Technical Field
The inventive concepts described herein relate to a semiconductor memory, and more particularly, relate to an operation method of a memory system that contains a nonvolatile memory and a memory controller.
Discussion of Related Art
A semiconductor memory device is a memory device which is fabricated using semiconductors such as silicon (Si), germanium (Ge), gallium arsenide (GaAs), indium phosphide (InP), and so on. Semiconductor memory devices are divided into volatile memory devices and nonvolatile memory devices.
The volatile memory devices may lose stored contents at power-off. The volatile memory devices include a static RAM (SRAM), a dynamic RAM (DRAM), a synchronous DRAM (SDRAM), and the like. The nonvolatile memory devices may retain stored contents even at power-off. The nonvolatile memory devices include a read only memory (ROM), a programmable ROM (PROM), an electrically programmable ROM (EPROM), an electrically erasable and programmable ROM (EEPROM), a flash memory device, a phase-change RAM (PRAM), a magnetic RAM (MRAM), a resistive RAM (RRAM), a ferroelectric RAM (FRAM), and so on.

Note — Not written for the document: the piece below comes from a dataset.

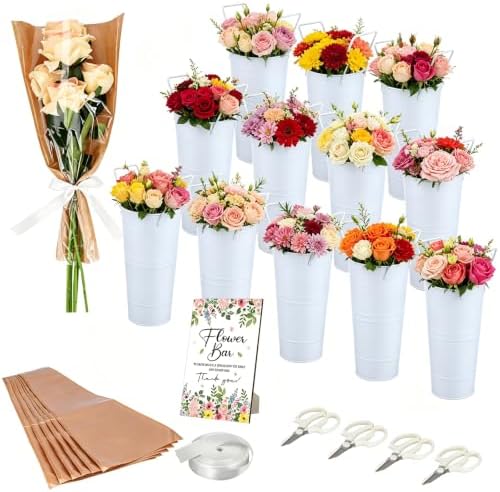 68 Pcs Flower Bar Buckets Kit 12pcs Galvanized Bucket Floral Shears Wood Sign Kraft Paper Flower Gift Bags with Ribbon, Bloom Bar Supplies for Wedding Bridal Baby Shower Birthday Table Centerpieces by Unknown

Some nonvolatile memories have an erase-before-write characteristic, which means that before data can be written into a location with previously written data, the previously written data needs to be erased. For example, a flash memory may have the erase-before-write characteristic. However, the operation performance of the memory device may decrease when the erasing performed before an overwrite takes a long time.